**MATERIAL FOR THIS EXERCISE**
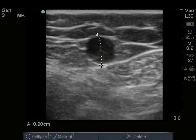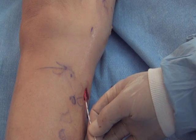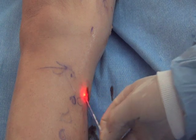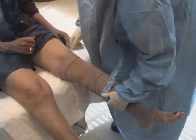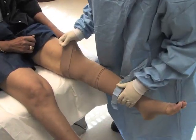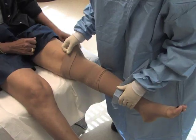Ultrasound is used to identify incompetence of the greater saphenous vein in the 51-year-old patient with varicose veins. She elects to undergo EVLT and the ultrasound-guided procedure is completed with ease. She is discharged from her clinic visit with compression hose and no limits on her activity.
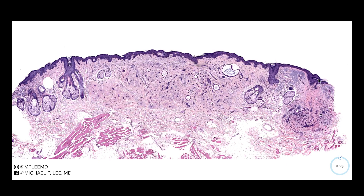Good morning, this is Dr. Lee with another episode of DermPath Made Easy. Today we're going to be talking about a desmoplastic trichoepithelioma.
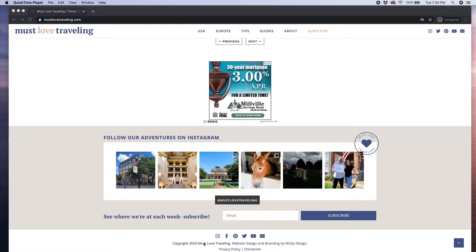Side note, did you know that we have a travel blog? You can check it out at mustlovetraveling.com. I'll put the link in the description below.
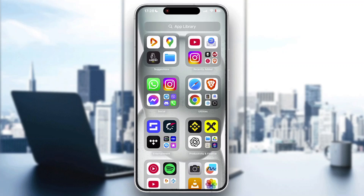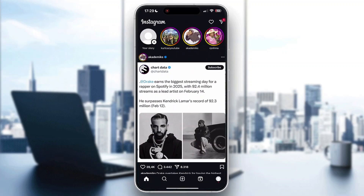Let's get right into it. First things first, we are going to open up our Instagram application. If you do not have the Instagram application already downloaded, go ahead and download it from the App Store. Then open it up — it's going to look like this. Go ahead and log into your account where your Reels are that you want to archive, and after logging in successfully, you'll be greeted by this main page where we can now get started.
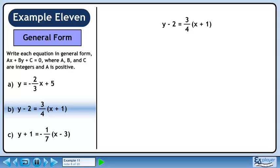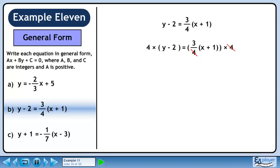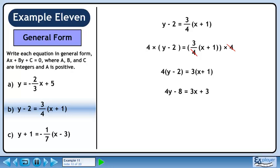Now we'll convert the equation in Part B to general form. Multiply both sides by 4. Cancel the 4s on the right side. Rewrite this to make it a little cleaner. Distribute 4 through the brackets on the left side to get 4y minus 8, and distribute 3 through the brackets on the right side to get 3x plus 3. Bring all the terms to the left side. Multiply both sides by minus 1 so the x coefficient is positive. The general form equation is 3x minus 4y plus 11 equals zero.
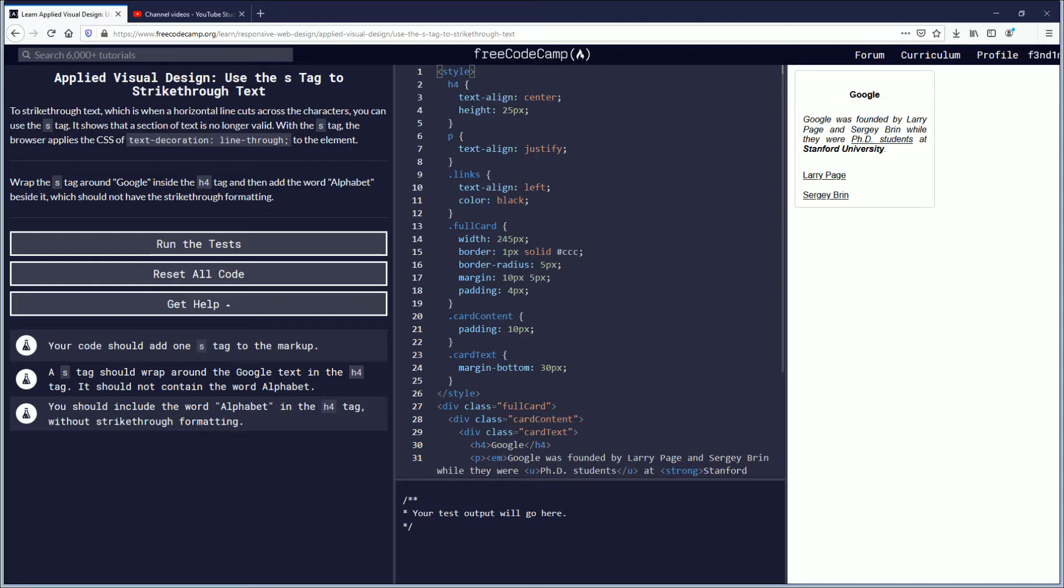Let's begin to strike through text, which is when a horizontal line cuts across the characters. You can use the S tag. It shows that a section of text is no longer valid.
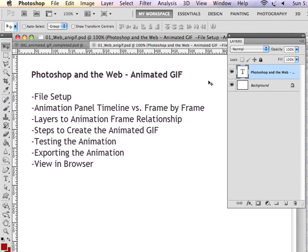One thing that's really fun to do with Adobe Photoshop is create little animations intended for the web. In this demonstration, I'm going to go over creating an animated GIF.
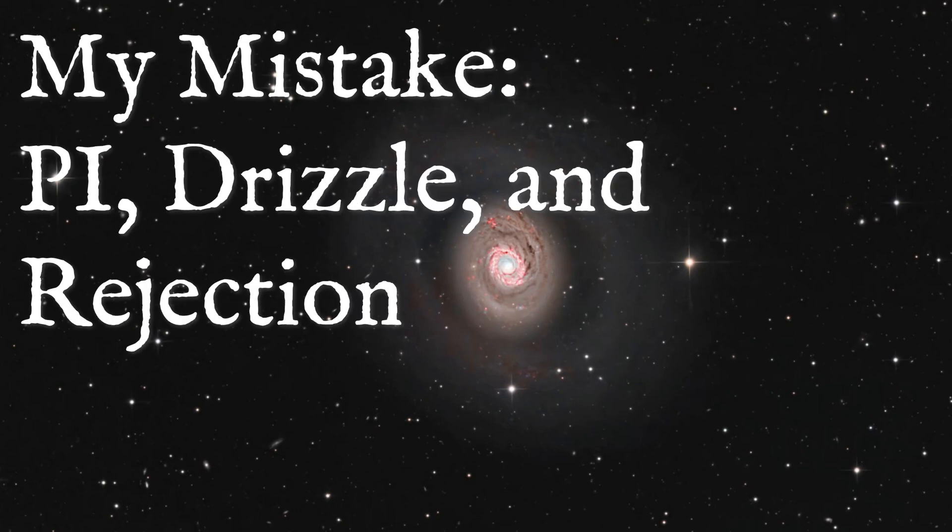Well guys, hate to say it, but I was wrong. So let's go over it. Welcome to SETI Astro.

**TASK**
For this exercise, copy each line of the data above exactly, from the first through the line containing "Good morning, this", and drop the pictures.

**THE COMPLETED TASK**
Ultrasound is used to identify incompetence of the greater saphenous vein in the 51-year-old patient with varicose veins. She elects to undergo EVLT and the ultrasound-guided procedure is completed with ease. She is discharged from her clinic visit with compression hose and no limits on her activity.
Good morning, this is Dr. Lee with another episode of DermPath Made Easy. Today we're going to be talking about a desmoplastic trichoepithelioma.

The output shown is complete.